WHAT IS EXPECTED - Without the pictures, repeat all of the data exactly as it appears below.

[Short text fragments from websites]
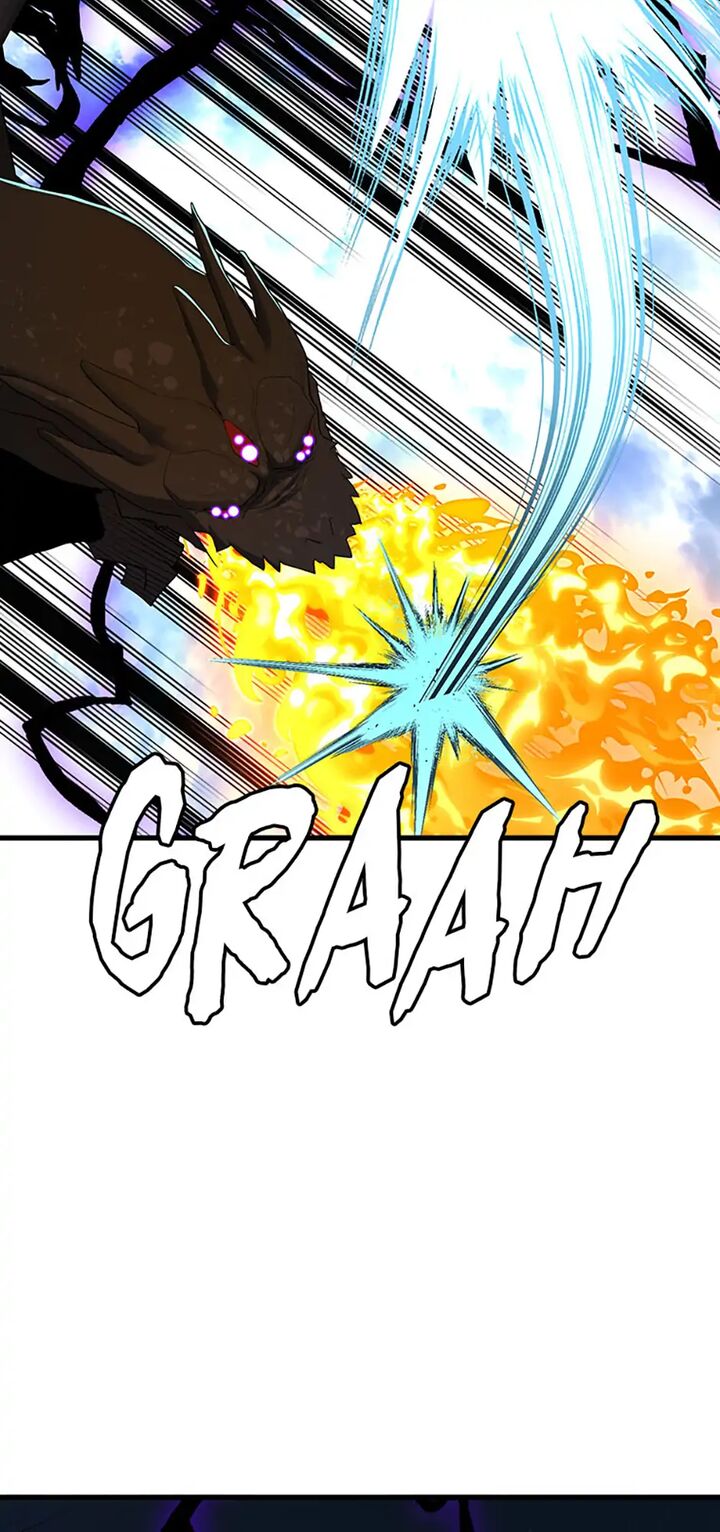 The Strongest Unemployed Hero Chapter 114 Page 32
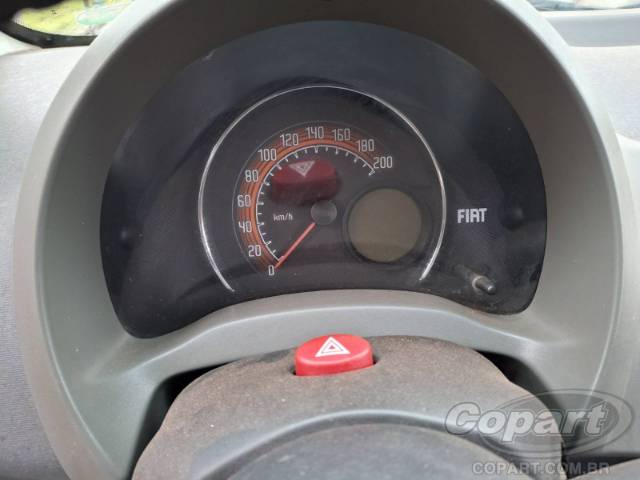 2014 FIAT FIORINO FURGAO 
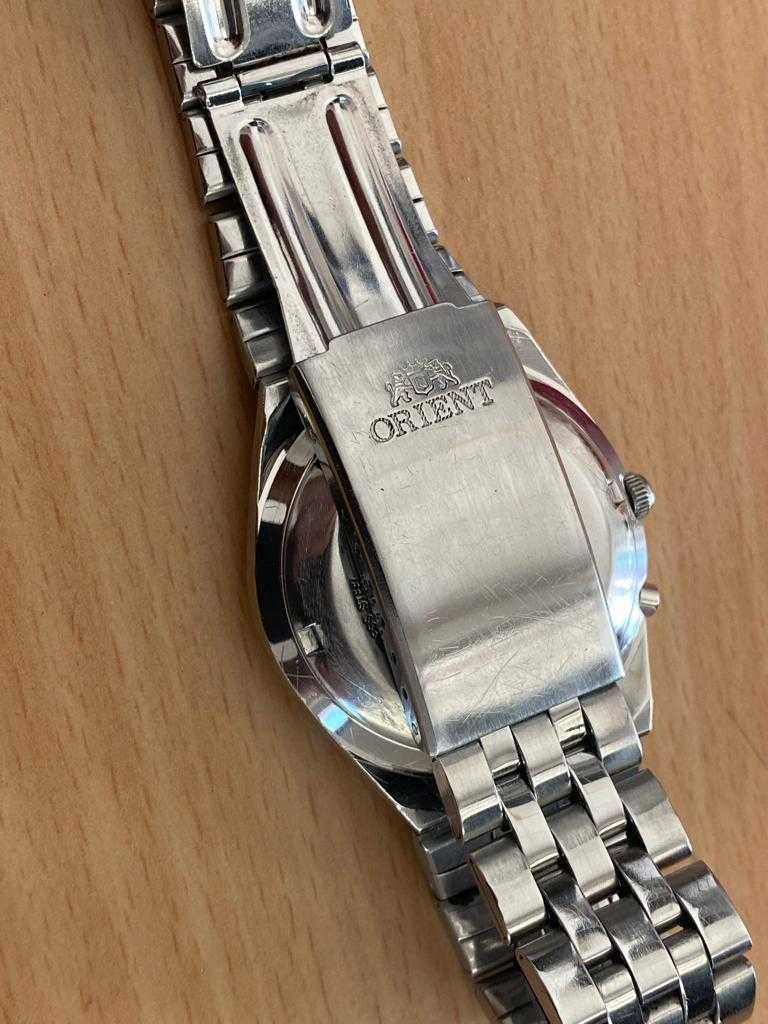 Ceas Orient barbatesc automatic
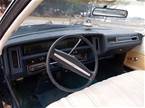 1974 Chevrolet Impala Picture 11
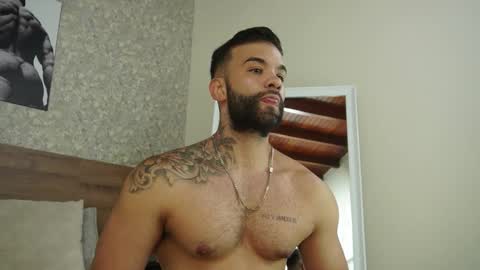 Mark online show from February 2025 09:17:02 PM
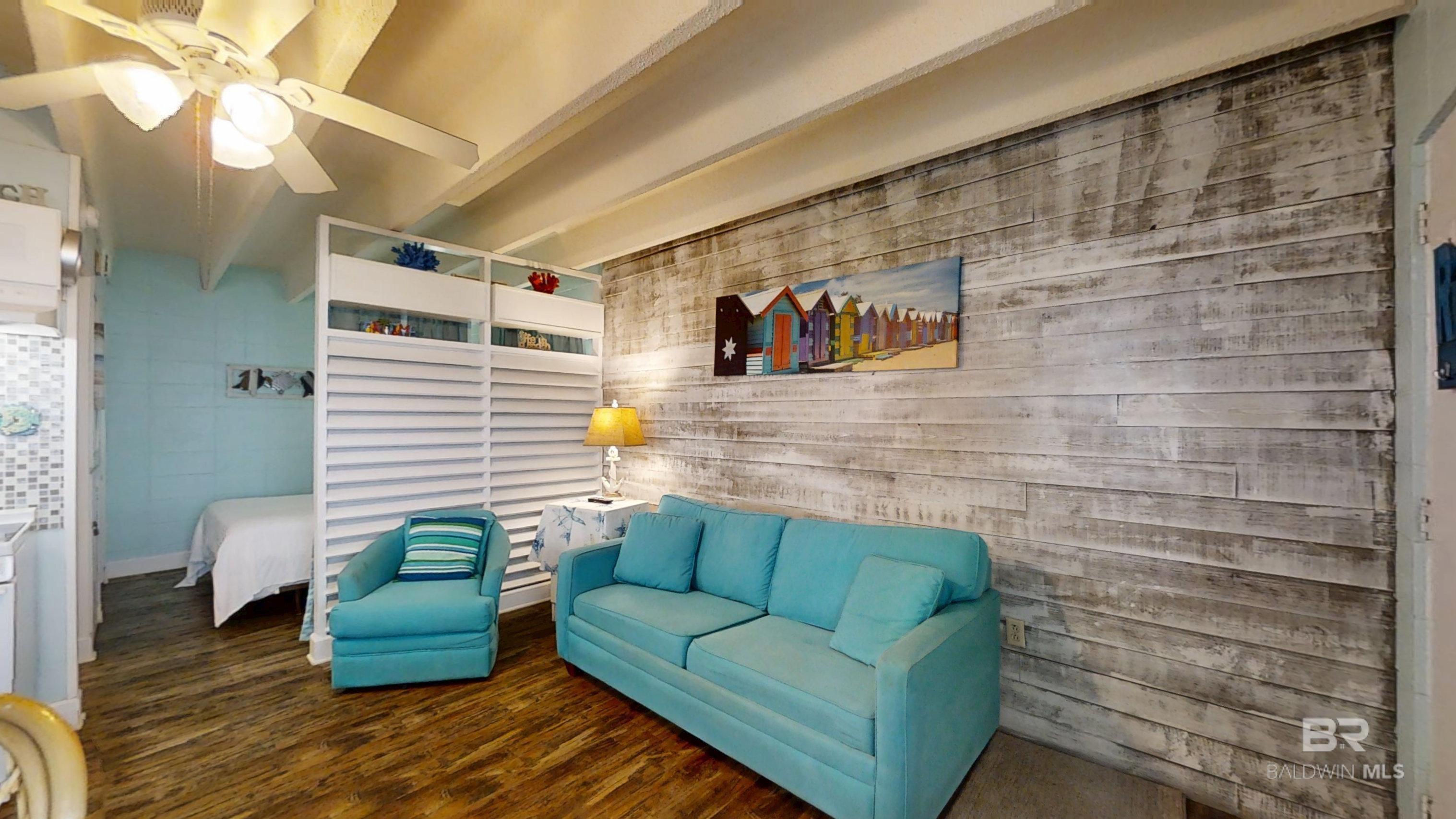 1027 W Beach Boulevard UNIT 101, Gulf Shores, AL, 36542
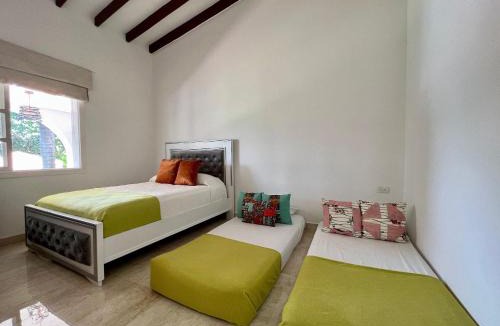 San Jeronimo Apartment | Casa de campo de Lujo en San Jerónimo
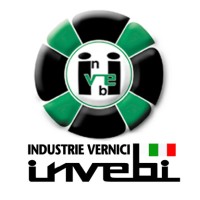 Invebi coatings Italy logo, Invebi coatings Italy contact details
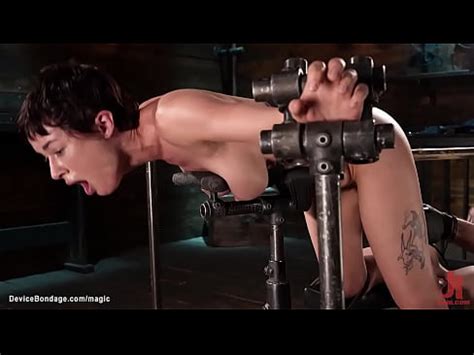 Tetona Obligado Esclavo Follada Con Consolador Xvideos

RESPONSE TO THIS TASK -
 The Strongest Unemployed Hero Chapter 114 Page 32
 2014 FIAT FIORINO FURGAO 
 Ceas Orient barbatesc automatic
 1974 Chevrolet Impala Picture 11
 Mark online show from February 2025 09:17:02 PM
 1027 W Beach Boulevard UNIT 101, Gulf Shores, AL, 36542
 San Jeronimo Apartment | Casa de campo de Lujo en San Jerónimo
 Invebi coatings Italy logo, Invebi coatings Italy contact details
 Tetona Obligado Esclavo Follada Con Consolador Xvideos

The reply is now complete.